Introduction The author shares a detailed case study of a no‑card payment project, focusing on code‑level performance optimizations rather than high‑level architecture.
Server Environment Four servers (4‑core CPU, 8 GB RAM) running RabbitMQ, DB2, an internal Dubbo‑based SOA framework, Redis, Memcached, and a custom configuration management system.
Problem Description Key issues observed in production included low scalability (40 TPS per node, 60 TPS total), frequent DB deadlocks, long‑running transactions, memory/CPU exhaustion, poor fault tolerance, missing or useless logs, unnecessary DB reads, multiple WARs in a single Tomcat, platform bugs, lack of rate‑limiting, absent fallback strategies, and insufficient monitoring.
Optimization Solutions
1. Database deadlock mitigation Instead of using pessimistic FOR UPDATE locks, the team adopted three alternatives: (a) Redis‑based distributed locks, (b) primary‑key duplicate‑insert checks, and (c) version‑number based optimistic locking. All approaches enforce expiration to avoid stale locks.

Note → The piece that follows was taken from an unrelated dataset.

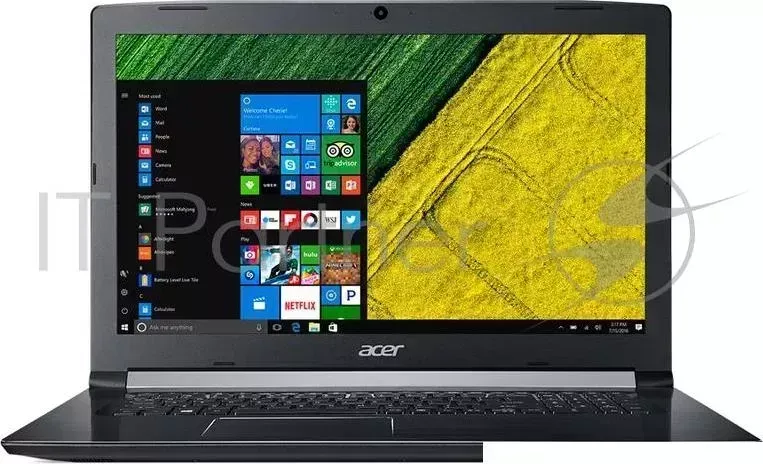 Ноутбук ACER Aspire A517 51G 810T Core i7 8550U/12Gb/1Tb/SSD128Gb/nVidia GeForce Mx150 2Gb/17.3"/IPS/FHD 1920x1080 /Windows 10/black/WiFi/BT/Cam/3220mAh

2. Transaction duration reduction A sample problematic transaction was shown:
public void test() {
Transaction.begin;
try {
dao.insert;
httpClient.queryRemoteResult(); // long‑running I/O
dao.update;
Transaction.commit();
} catch(Exception e) {
Transaction.rollFor();
}
}The guideline is to keep transactions short and move time‑consuming calls (e.g., HTTP requests) outside the transactional scope.
3. CPU saturation analysis High CPU usage was traced to an unbounded thread pool created with Executors.newCachedThreadPool(), which can spawn up to Integer.MAX_VALUE threads. Switching to a fixed pool ( Executors.newFixedThreadPool(50)) limited thread creation but introduced an unbounded work queue, causing memory pressure under heavy load.

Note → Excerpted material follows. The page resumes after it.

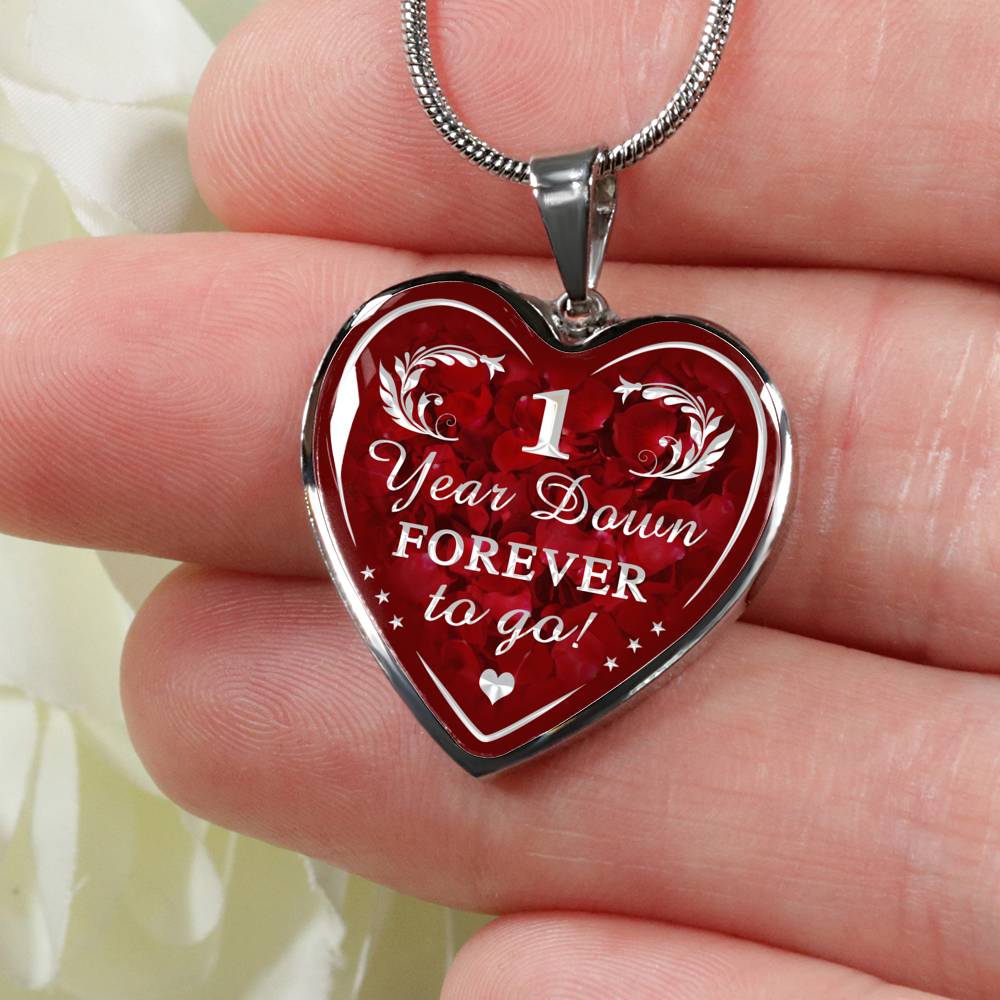 One Year Down Forever To Go Unique Novelty Heart Necklace For Wedding Anniversary, Valentine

4. Thread‑pool redesign Two solutions were proposed: (a) a custom bounded thread‑pool architecture that caps both threads and queue size, and (b) migration to the Akka framework for actor‑based concurrency. Additionally, asynchronous tasks were off‑loaded to a dedicated task‑processing service with retry and callback mechanisms.
5. Logging improvements The original code logged exceptions with logger.info and produced noisy, low‑value entries. The recommended pattern uses logger.warn or logger.error with a structured format:
logger.warn("[innersys] - [${exceptionType}] - [${methodName}] - errorCode:[${code}], errorMsg:[${msg}]", e);and logs input/output parameters via a utility that encrypts sensitive data. The Log4j pattern was also simplified from %d %-5p %c:%L [%t] - %m%n to %d %-5p %c [%t] - %m%n, reducing synchronization overhead and thread blocking.
Conclusion By addressing database locking, transaction scope, thread‑pool sizing, and logging practices, the system’s throughput rose from ~40 TPS to over 100 TPS, with markedly lower latency and fewer crashes. The author promises a follow‑up part covering further code‑level performance evolution.